Christianity Today urges the New Life congregation to own its part of the saga in Holy Laughter: Remembering Haggard’s sin — and ours:
It is understandable that such churches — and sadly, there are hundreds of them — want to forget, as quickly as possible, the notorious sin and the scandalous pastor who brought shame to it. And that such churches would strive valiantly to tell itself and the world, “We’re not like that. Really. That doesn’t represent us. We’re much better than that.” That it would do its best to put the episode behind itself and move on.
But woe to the church that does that. We should wonder, in fact, about any Christian anywhere who does not look at Ted Haggard and say, “Oh yeah, I could have done that,” or more honestly, “To my deep shame, been there, done something very much like that.” Instead of thinking of Haggard and his ilk as ugly exceptions to our general moral uprightness, we should remember that we are part of his ilk.
A much more cynical tone permeates Belief.net’s take on the movie and subsequent interview on Larry King Live, especially St. Gayle Haggard:
She is, instead, thoughtful, kind, gracious, and forgiving. She has stuck with Ted through a truly horrific experience. She has accepted his remorse and granted him forgiveness. And, as a cherry on top, the Haggard’s eldest son, Marcus, joined them for the last bit on LKL and he was even more composed than Gayle. This is a truly extraordinary family…
…Or, they are positioning themselves for a new career. I’ve been told by one insider that the Haggards, basically broke, are hoping to establish an income by writing and speaking about their trials. Indeed, at the end of LKL, both Gayle and Ted said several times that they want to “communicate their story.” Fishing for a book deal? Speaking gigs? A reality TV show? Very possibly.

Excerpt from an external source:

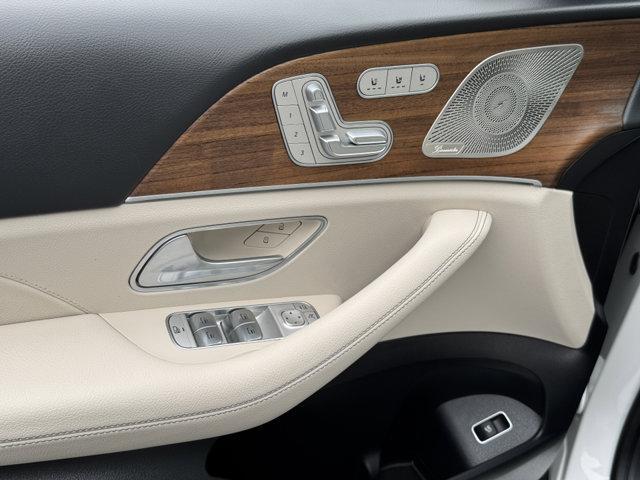 new 2025 Mercedes-Benz GLS 450 car, priced at $91,775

So, my cynical side has to acknowledge the possibility that Gayle’s (and Ted’s and Marcus’s) grace and composure is actually a patina, covering a family in great distress trying to dig themselves out of a massive financial hole.
The power of redemption strikes at the heart of the real story, according to World Mag.com, in Haggard speaks: But can anyone hear over the roar of scandal? discussing the Haggards’ interview for The Oprah Winfrey taped before the second scandal made news:
To his credit, Haggard did clearly articulate a gospel of grace at numerous times throughout the interview, even admitting he’d never really understood it before: “When I was at my lowest point, when I couldn’t pray, I couldn’t read the Scriptures, I couldn’t seek Him anymore, He came after me and the Scripture came alive to me, Oprah, for the first time in a dramatic way. Jesus came for the unrighteous, not the righteous. And I qualify.”
Tragically, many onlookers may miss that message in the sea of scandal still swirling.
The Christian Broadcasting Network, the multi-media powerhouse run by Pat Robertson, has been relatively mum on the subject. It ran a couple brief news stories this week noting the involvement of New Life parishioner Grant Haas and a “six-figure settlement” by the church. Though those reports were largely taken from Associated Press news accounts. CBN hasn’t offered any commentaries unlike its response to the initial 2006 scandal involving gay male escort, Mike Jones.